Blackmail of the day: The parents of one of the boys who had sex with Karen try to shake down Fitz for $2.5 million. In yet another private Oval Office meeting with Liv and Fitz, he feels like a failure as a parent and a father. "Am I failing as a man, too?" he says, as he draws Liv close. "I almost died without you." She can't resist - of course. "I did miss you," she says breathlessly and they fall into each other's arms. She then has to tell him she went to the island with Jake. "So I'm a failure as a father, a husband AND a man." he ruefully says. He decides to pay the money and do as his father does, "sweep it all under the rug." But that doesn't end up happening. When the greedy rich parents ask for $500,000 more, Liv goes nuts and tells her she is going to smear their names to high heaven as child-porn peddlers. They renege and she gets what she wants because she's Liv and "this is what I do!"

Best rant of the night:

Fitz: "I have dealt with drunk Mellie, bad hygiene Mellie. No, I got it. Smelly Mellie. I have dealt with drunk Mellie and Smelly Mellie and screw-everything-to-hell Mellie and crybaby Mellie and eat-everything-that-is-not-nailed-down Mellie and I have not complained. But I will not put up with whatever righteous history rewriting Mellie you have going on right here right now. This is not your family. You are not the mother - not since Jerry died. Since Jerry died, you have abdicated your role. You have mothered no one. You hold nothing together. You pick up no pieces. You know how I know this? ... Karen spent last night in a threesome with two guys making a move they call Eiffel Towering. You know why I know that. I saw the sex tape. Liv is fixing the mess that you made, that I made. The difference is I'm running a country and grieving for the loss of my son... All day, every day, you are sitting around in booties and a dirty robe eating chips and getting drunk at 11 a.m.!"

Mellie: "A sex tape?"

Fitz; "Yah."

Mellie grins: "She takes after her daddy, doesn't she?"

Mellie nurtures: Fitz's rant wakes Mellie up. She tells Karen that she understands why Karen did what she did but given the situation with her dead brother, she gets a pass. And they hug.

Incompetent car bomb set up: The person hired to ensure Jake's car blows up made it so Jake would notice gas dripping underneath his car. I'm not sure why that would even be a sign if his car would blow up when he pressed his key fob. Then again, what do I know? I'm not technical whiz like Huck. As we know from last week, Jake is now on Rowan's bad side and is probably not long for this world.

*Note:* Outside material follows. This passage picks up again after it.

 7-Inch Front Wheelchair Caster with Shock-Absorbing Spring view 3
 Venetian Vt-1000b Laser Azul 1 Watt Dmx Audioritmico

Secret Service Tom Boy:  Rowan is a little peeved that "Golden Boy" failed to off Jake via car bomb. Jake, Tom Larson says, knows his moves. Heck, he used to report to Jake. So this wasn't easy. Not that Rowan is a big excuse man. He says disappointment leads to frustration, which leads to resentment, which leads to anger, which leads to rage, which leads to indifference. And indifference, of course, is the worst.  "Jake Ballard needs to go," Rowan tells him. "I've put a clock on it. Do not let me down." Moments after Rowan leaves, Jake pops up - of course. He says he may have to kill Tom before Tom kills him. And even if Tom kills Jake, does he think he's safe, being the one who killed the president's son? "You may not trust me," Jake says, "but you know you can't trust him."

The daughter's partying has Secret Service under scrutiny and they find gaps in Tom's schedule that may point him to the murder of the president's son. Jake convinces Tom to spill the beans and finger Rowan. Just as he's about to confess, Rowan (of course) pops in. Ironically, Fitz brought him in. He doesn't think Rowan did it. He trusts Rowan. He thinks Rowan can suss out what Tom had done and why he picked up a lethal agent that ultimately killed his son. So Tom has no choice but to blame Jake Ballard, a necessary falsehood.